**AVAILABLE DATA**
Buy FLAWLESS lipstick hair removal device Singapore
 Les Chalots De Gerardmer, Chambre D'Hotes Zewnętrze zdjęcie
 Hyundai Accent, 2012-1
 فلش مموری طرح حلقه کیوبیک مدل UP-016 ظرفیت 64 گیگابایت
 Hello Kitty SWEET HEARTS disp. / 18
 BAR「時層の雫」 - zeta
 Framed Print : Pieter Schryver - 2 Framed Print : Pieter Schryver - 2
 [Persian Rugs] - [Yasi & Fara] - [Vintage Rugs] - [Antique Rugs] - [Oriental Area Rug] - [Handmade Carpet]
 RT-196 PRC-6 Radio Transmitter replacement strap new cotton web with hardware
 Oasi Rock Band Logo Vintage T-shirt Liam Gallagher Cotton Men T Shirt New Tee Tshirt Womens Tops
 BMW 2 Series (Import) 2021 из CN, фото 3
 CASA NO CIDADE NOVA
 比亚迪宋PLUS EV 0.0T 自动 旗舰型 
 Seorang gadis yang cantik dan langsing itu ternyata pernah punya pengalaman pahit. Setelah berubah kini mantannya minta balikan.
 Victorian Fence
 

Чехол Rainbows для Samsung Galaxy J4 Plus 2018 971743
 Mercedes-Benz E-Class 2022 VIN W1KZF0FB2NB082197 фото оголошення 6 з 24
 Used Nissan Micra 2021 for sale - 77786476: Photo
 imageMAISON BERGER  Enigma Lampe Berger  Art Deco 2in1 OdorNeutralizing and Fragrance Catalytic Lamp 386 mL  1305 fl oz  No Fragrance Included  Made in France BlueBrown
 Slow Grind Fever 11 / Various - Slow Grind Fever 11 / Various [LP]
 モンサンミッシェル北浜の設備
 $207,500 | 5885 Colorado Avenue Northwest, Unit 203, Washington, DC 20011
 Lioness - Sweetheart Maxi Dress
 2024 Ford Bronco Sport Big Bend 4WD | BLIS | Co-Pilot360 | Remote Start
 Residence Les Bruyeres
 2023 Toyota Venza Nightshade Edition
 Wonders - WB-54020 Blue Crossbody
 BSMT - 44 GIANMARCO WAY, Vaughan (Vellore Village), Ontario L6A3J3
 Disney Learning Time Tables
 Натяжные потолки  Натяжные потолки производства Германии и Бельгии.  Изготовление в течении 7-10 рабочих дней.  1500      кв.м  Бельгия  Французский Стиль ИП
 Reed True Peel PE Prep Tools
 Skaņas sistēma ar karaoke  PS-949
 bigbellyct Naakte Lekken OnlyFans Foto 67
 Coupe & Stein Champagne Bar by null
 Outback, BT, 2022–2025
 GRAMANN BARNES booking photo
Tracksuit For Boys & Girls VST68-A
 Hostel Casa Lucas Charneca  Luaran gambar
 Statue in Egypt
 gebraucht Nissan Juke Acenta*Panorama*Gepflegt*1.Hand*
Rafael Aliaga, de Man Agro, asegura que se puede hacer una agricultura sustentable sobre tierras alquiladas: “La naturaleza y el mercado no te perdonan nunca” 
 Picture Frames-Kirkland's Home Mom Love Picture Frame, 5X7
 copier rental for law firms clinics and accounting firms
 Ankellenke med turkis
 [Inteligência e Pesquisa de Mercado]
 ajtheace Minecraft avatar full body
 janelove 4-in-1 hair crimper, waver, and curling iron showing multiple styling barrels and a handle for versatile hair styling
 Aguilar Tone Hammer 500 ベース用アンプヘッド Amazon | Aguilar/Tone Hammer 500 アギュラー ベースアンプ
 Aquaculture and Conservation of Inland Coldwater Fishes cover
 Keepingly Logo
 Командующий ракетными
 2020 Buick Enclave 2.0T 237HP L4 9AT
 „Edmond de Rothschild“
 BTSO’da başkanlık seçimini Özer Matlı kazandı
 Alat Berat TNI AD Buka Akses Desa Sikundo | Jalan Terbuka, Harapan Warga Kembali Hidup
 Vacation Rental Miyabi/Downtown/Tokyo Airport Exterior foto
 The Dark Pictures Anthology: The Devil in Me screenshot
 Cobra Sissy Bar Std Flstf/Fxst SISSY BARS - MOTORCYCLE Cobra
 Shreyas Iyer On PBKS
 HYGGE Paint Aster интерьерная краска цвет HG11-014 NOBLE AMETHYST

**ACTION ITEM**
Find the line with "Ankellenke med turkis" in the material above. Reproduce it and each line after it up to and including the line with "Aguilar Tone Hammer".

**WRITTEN RESPONSE**
 Ankellenke med turkis
 [Inteligência e Pesquisa de Mercado]
 ajtheace Minecraft avatar full body
 janelove 4-in-1 hair crimper, waver, and curling iron showing multiple styling barrels and a handle for versatile hair styling
 Aguilar Tone Hammer 500 ベース用アンプヘッド Amazon | Aguilar/Tone Hammer 500 アギュラー ベースアンプ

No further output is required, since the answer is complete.